GoCartoonMe
Hand-drawn portrait service — rebuilt from over-engineered to intentionally simple.
GoCartoonMe is a hand-drawn portrait service I’ve been running for over 10 years. What started as a WordPress site grew into a surprisingly complex platform — and eventually got stripped back down to something intentionally simple.
Every portrait is drawn by hand. No AI, no filters. Just craft.
The original stack
At its peak, the platform ran on Next.js with a full AWS backend:
- Cognito for user authentication and management
- DynamoDB for orders, users, products, and payments
- Lambda + API Gateway for REST APIs and webhooks
- SQS for async webhook processing — requests returned instantly while processing happened in the background
- SES for transactional emails
- S3 + ImageKit for secure image delivery — order attachments and cartoon deliveries served fast via CDN from private S3 buckets
- Pusher for real-time updates — customers saw live message and delivery notifications without polling
- 2Checkout for payment processing
- Contentful as a headless CMS
- Serverless Framework for deployments
It worked. And it was built with intention — the plan was to evolve it into a marketplace where multiple cartoonists could offer their services.
Why I simplified it
That marketplace never happened. And without it, the architecture was solving problems the business no longer had. Cognito, DynamoDB, Lambda, SQS — all real infrastructure, all real maintenance cost, for a solo creative service that processes a handful of orders a week.

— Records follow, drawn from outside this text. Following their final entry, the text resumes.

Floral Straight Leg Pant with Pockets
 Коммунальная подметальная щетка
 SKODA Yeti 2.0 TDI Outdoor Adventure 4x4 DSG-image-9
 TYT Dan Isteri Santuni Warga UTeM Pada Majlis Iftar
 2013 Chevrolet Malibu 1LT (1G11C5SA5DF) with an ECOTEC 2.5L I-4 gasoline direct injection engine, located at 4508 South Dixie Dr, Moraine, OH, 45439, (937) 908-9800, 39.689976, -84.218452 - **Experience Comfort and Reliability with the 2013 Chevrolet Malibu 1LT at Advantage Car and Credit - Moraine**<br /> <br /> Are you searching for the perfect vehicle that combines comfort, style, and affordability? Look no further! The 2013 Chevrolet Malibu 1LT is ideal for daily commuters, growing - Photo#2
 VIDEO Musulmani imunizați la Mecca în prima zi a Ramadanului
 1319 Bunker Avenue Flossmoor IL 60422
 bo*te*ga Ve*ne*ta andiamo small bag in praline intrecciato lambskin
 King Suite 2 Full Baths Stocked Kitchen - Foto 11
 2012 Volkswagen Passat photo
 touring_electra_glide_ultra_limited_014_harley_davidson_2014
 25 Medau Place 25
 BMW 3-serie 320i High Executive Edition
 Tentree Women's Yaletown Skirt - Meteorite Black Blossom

The decision to strip it back wasn’t cutting corners. It was recognising that complexity without purpose is just debt.
How it’s built now
- Astro — fully static, zero unnecessary JS
- Tailwind CSS — styling
- Gumroad — order processing, no custom checkout or payment infrastructure to own
- Formspree — contact form, no server required
- Cloudflare Workers — static site deployment, global CDN, zero ops, zero cost
Sometimes the most deliberate engineering decision is knowing what to remove.